My first head will be taking whatever the first two heads don’t. We really don’t know the exact amount. We never did! The differences in the part thickness and joints will change this number constantly. If we actually take .015”, as we wanted to remove with the original sequence. Then the last two heads will be removing about .008”. That is more than 50% of the total! (I think all the old school sanding gurus just feinted!)
Does this mean that we are set up wrong? Or does it mean that we have much more capacity than we are using, and it is set up for the correct scratch pattern, instead of some silly ratio?

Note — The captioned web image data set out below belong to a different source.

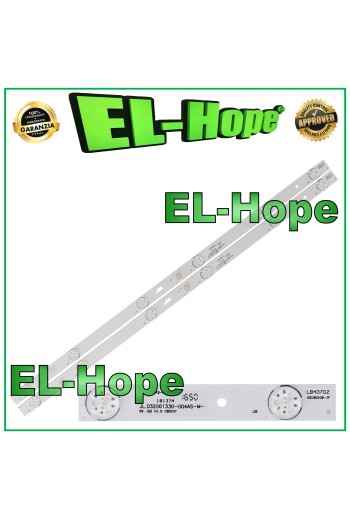 KIT OF 2 6 LED STRIP BARS FOR HAIER TV 32 4C-LB320T-GY6 LE32B750 LE32D99 LED32B75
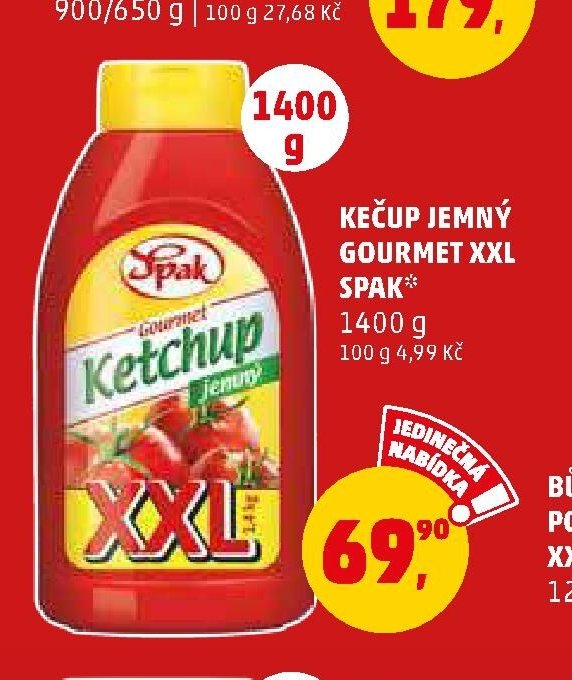 KEČUP JEMNÝ GOURMET XXL SPAK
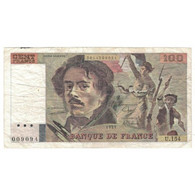 France, 100 Francs, 1989, U.154, TTB, Fayette:69.13d), KM:154d - 100 F 1978-1995 ''Delacroix''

Ultimately, the machine dictates the final grit sequence. Although, my customer was hesitant to try it, the machine was well suited to running 80-120-180. This is a radical departure from the original grit sequence, but it takes the machine to a whole new level of performance. :The life of the belts would be dramatically increased, leaving the open finish we desire for the entire life of the belts.

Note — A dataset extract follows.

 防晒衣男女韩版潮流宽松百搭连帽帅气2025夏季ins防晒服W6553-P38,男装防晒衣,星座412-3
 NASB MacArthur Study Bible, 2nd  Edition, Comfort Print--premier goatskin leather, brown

The last head is a combination drum and platen. This allows for two different contact points and a much easier removal of the scratch from the second head. This is especially handy when you are jumping two grits.
The scratch from a 120 grit belt is about .004” depending on the hardness of the drum. This is the maximum for the 180 grit belt and taking that much with a platen just doesn’t work well at all. Having a drum on the last head allows for easy removal of this scratch. The platen only needs to remove about .0005” to get rid of the 180 grit drum scratch. In this configuration the platen can run for months without replacement. Sometimes even without adjustment on the bladder type platen!
The 120 needs to remove at least .008” to get rid of the 80 grit scratch. The 180 removes .004”. That is .012” total on the last two heads for a proper scratch pattern.
Now when we put a part through the machine and remove .015”, the first head only took 20%. ( I can hear the old timers yelling from here! “He’s crazy!!!!!”)
Lets remember the deviation on the parts that inspired a lot of this in the first place. We are removing .030” in some spots, not the .015” over the majority of the surface. Now the first head is removing .018” in some spots and .003” in others. Now, do you see what I am trying to get across? Suddenly the ratio almost fits, but only when we reach the top end of the grit capacity. Who would want to push this to the limit all the time?
The 80-120-180 grit sequence is great for machines that have a drum or the combination head in the last position. It is not well suited to machines that have only a platen in the last position. These machines would do better with the 100-150-180 sequence as it only requires .002 or .003 from the last head. This is much more achievable with the platen. Slower feed speeds will also be required to allow the platen time to work.
The net benefit from either the 80-120-180 or the 100-150-180 grit sequence is a much more open scratch, much less time sanding by hand to remove the scratch pattern left by the wide belt as it will not be polished or hardened at all. Tip of the scratch peaks to the bottom is only .001” and it is the easiest sanding most folks have ever seen. It is typical to reduce cross grain sanding from several minutes a door to under 10 sec. per rail. Swirls are massively reduced if the sander sands only to the bottom of the scratch. (Oops, I am giving away my next article!)
I hope this article will give you some ideas on how to best achieve your finish requirements. Paying attention to the minimums to remove a scratch are just as important as the maximums to achieve an open scratch. Establishing a base scratch with the first head and then removing only that pattern is the key to opening wood grain and keeping it open.